■ **DESCRIPTION OF THE TASK**
Leaving all pictures out, output exactly and only the line containing "Paw Patrol kinder" and the lines that follow it to the end of the material below.

■ **COLLECTED DATA**

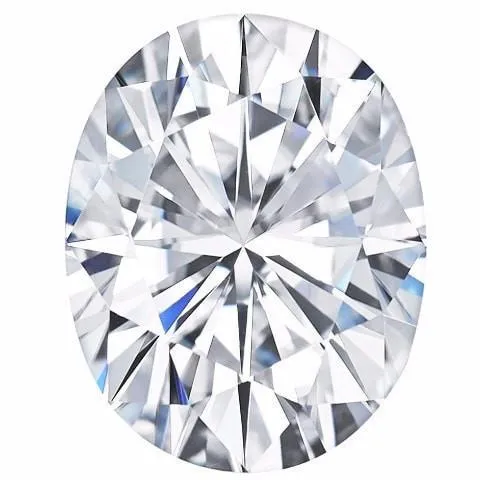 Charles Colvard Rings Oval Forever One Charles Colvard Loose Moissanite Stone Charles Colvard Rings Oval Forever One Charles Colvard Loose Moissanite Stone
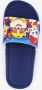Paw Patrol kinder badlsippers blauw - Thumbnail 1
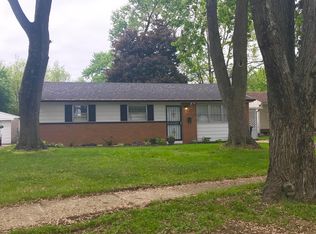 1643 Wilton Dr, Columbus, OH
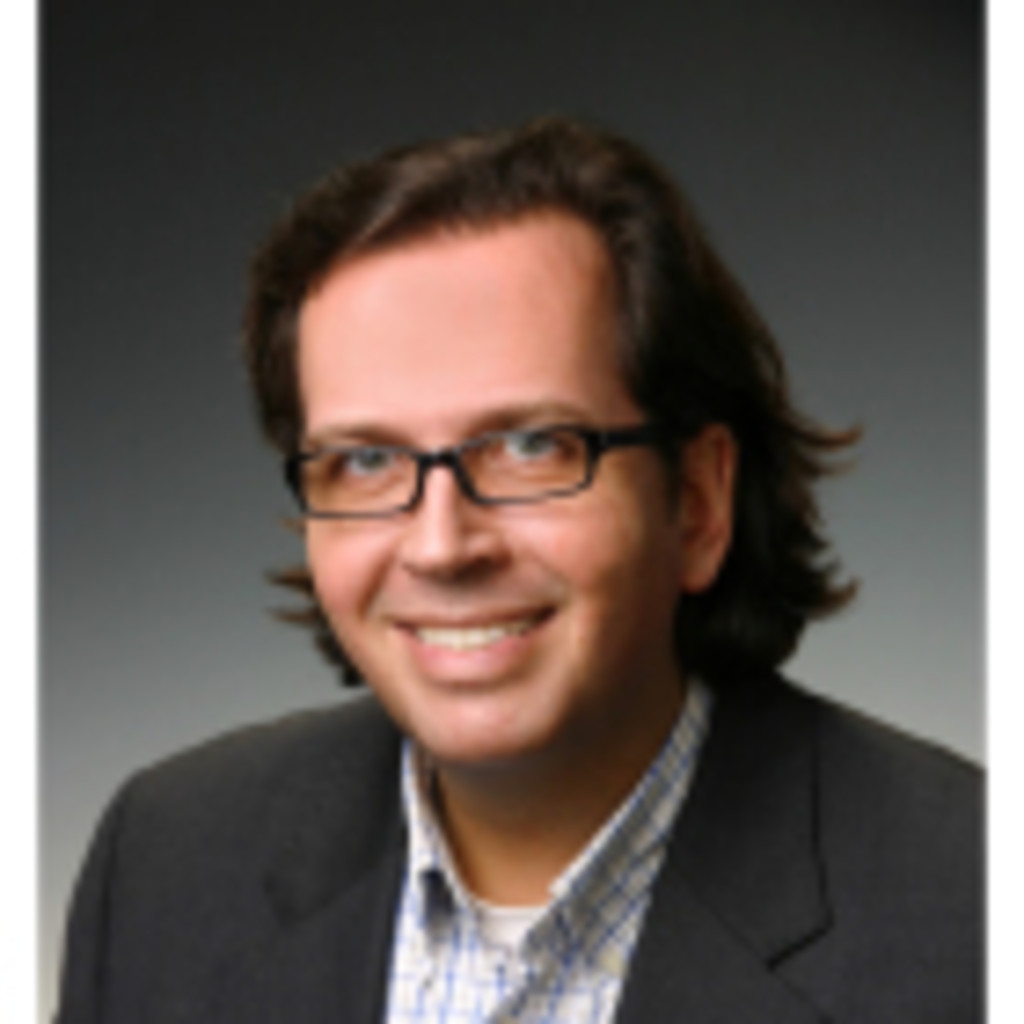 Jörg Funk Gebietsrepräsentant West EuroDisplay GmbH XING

■ **ANSWER TO THIS PROBLEM**
Paw Patrol kinder badlsippers blauw - Thumbnail 1
 1643 Wilton Dr, Columbus, OH
 Jörg Funk Gebietsrepräsentant West EuroDisplay GmbH XING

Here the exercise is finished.